Gregory's testimony, in the main, corroborated Jarrett's. He did say that he could see the Price car when the two were "possibly" about 250 feet apart, and at this point he observed Price looking to the right toward the Buchannan home, which was near the roadside, and he did not turn his head until within 20 feet of the Jarrett car. One witness testified as to a mark in the road, observed by him the following morning. He was unable to say just where the accident occurred, and from his description of the mark, which he thought was made by a tire to which the brakes were applied, "or something dragging," it might appear that the collision occurred on Jarrett's side of the road, but the testimony is not persuasive, since the witness is assuming that the mark showed the place of contact.

Other witnesses testifying to the same facts described it likewise.

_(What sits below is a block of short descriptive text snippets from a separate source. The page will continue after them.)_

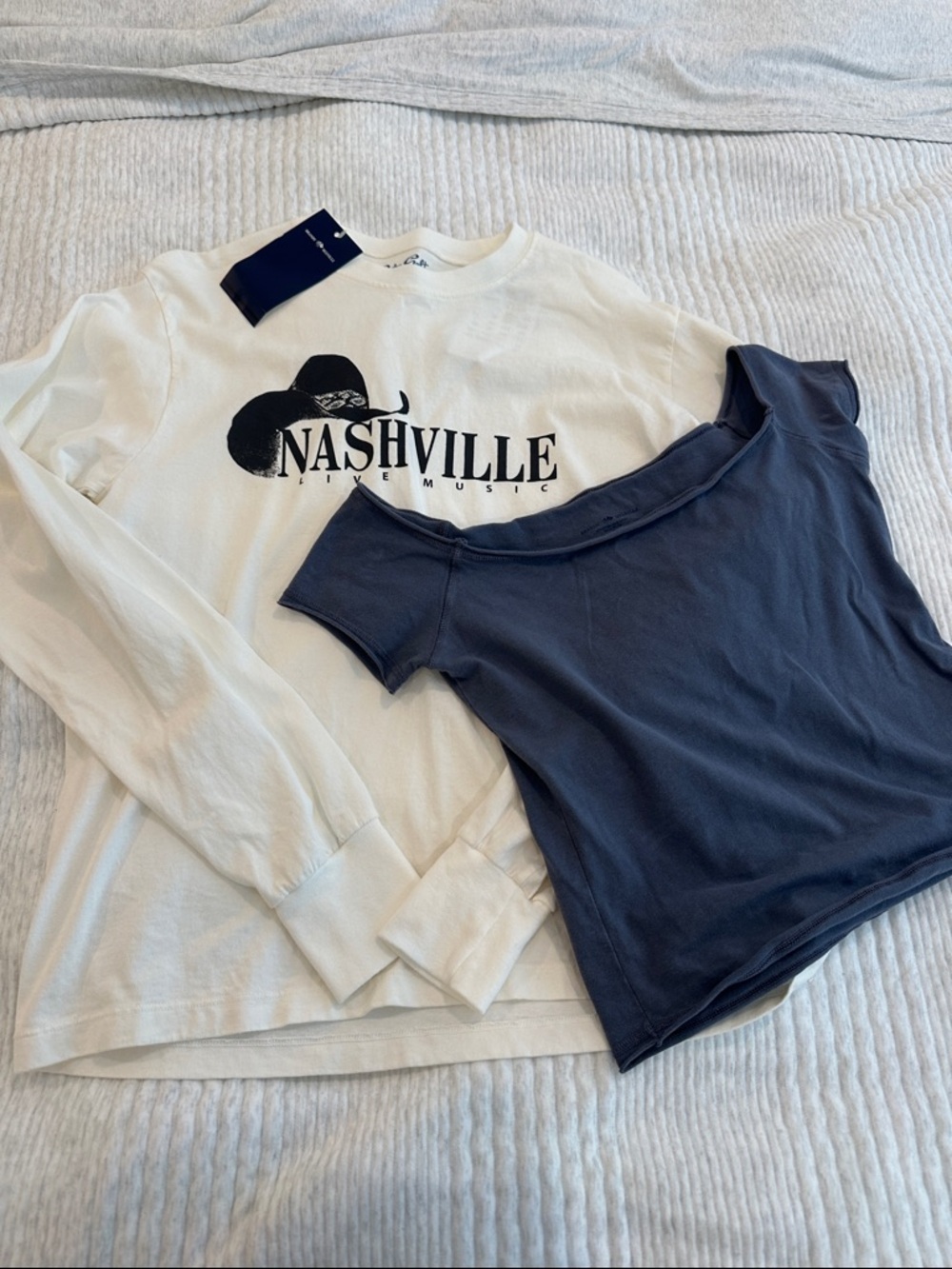 Brandy Melville White Nashville Logo Long Sleeve & Navy Off-Shoulder Top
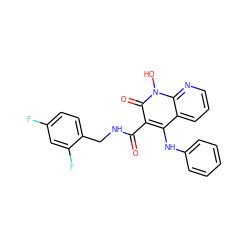 O=C(NCc1ccc(F)cc1F)c1c(Nc2ccccc2)c2cccnc2n(O)c1=O ZINC000169352001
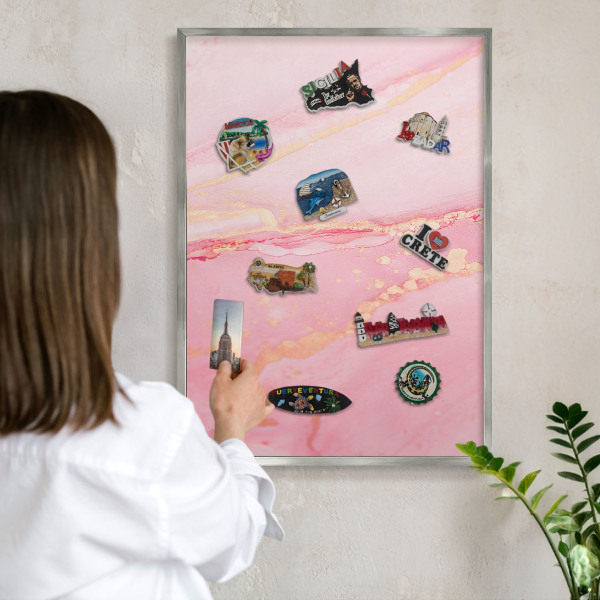 Metalltafel für Magnete mit silbernem Rahmen Rosa Eleganz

Miss Toombs, with others, was on the porch of the Buchannan home, and saw the Price car pass; she says she was "not noticing particularly," but that "Mr. Price might have glanced at the house, but if he did it was nothing unusual." Another witness on the porch said, as he passed the house "he looked up toward the house, just a natural look." This witness did not note any change in the movement of the Price car, but did notice Price "jerk his car quickly to the right," shortly after it passed the house, but did not change his course. None of them say he was then on the wrong side of the road, at any time.

Price said that as he passed the house he glanced at it and saw some folks there, but kept his course on the right side. There is a pencil sketch which undertakes to show the road, other objects and location of mark and cars after the accident, but it has been of little assistance, since witnesses in undertaking to identify certain spots, would say "about here," and "about there," without, except in one or two instances, making illustrative marks.

At this point, and before we reach technical grounds of procedure, urged as being in error, we take up the one relating to the verdict of the jury. Counsel for appellant contends that the verdict is ...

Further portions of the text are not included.